The first results from the Recovery trial, which has been testing seven therapies for Covid-19, swiftly followed the retraction of a paper in the Lancet medical journal on Thursday night claiming that hydroxychloroquine was linked to an increased risk of death in Covid-19 patients. The authors of the paper withdrew it after the US company Surgisphere refused to cooperate with an independent audit of the data it had supplied for the study. A Guardian investigation had showed serious errors in the data and raised questions about Surgisphere and its CEO.
Supporters of the drug hailed the paper’s retraction, but the World Health Organization and countries that have authorised use of the drug are now likely to change their position.
The Recovery trial is a “gold standard” randomised controlled trial, designed to find an answer to a question by recruiting patients in similar circumstances either to take the drug or to take a placebo. Their doctors and the researchers do not know which ones are taking the genuine trial drug.
Because of the furore over the Lancet paper, the Medicines and Healthcare Products Regulatory Agency asked the trial’s independent monitoring board to look at the latest data. The board revealed the findings to the researchers, recommending that the hydroxychloroquine arm of the trial should be stopped.
Since March, when the trial began, a total of 1,542 patients had been randomised to receive hydroxychloroquine, while 3,132 patients were randomised to receive only normal care. Over 28 days, 25.7% of patients on hydroxychloroquine died, compared with 23.5% of the others. The difference is not statistically significant – it could have arisen by chance. But the clear conclusion was that hydroxychloroquine did not work, said the researchers.

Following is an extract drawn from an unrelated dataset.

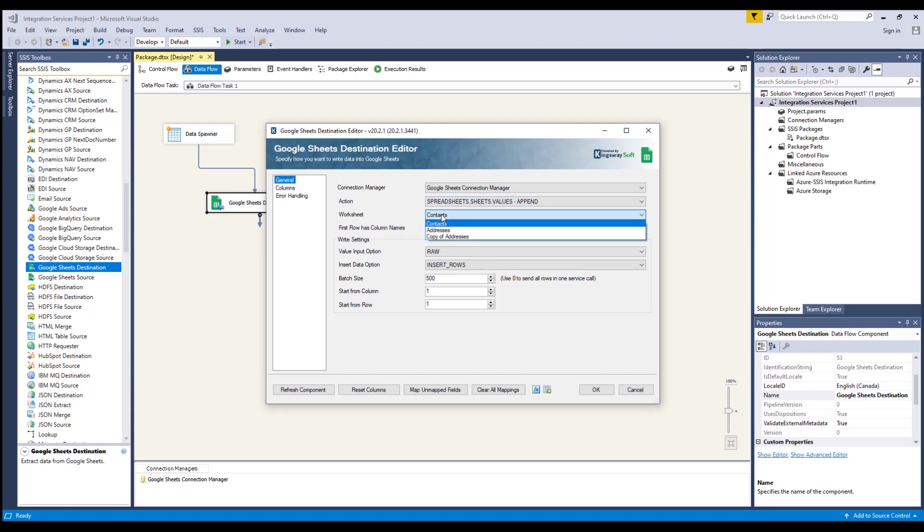Next, we'll specify a worksheet in the Google Sheets we want to work with. If you would like the first row to contain column names, you can enable this option.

Peter Horby, professor of emerging infectious diseases and global health at the University of Oxford, said they had informed the WHO, which had just restarted its hydroxychloroquine trials after pausing them because of the Lancet paper. That was an observational study – comparing patients in hospitals who happened to have been treated with the drug with others who had not.
“One of the key lessons we should learn historically is that making treatment decisions based on observational data is not the way forward,” he said.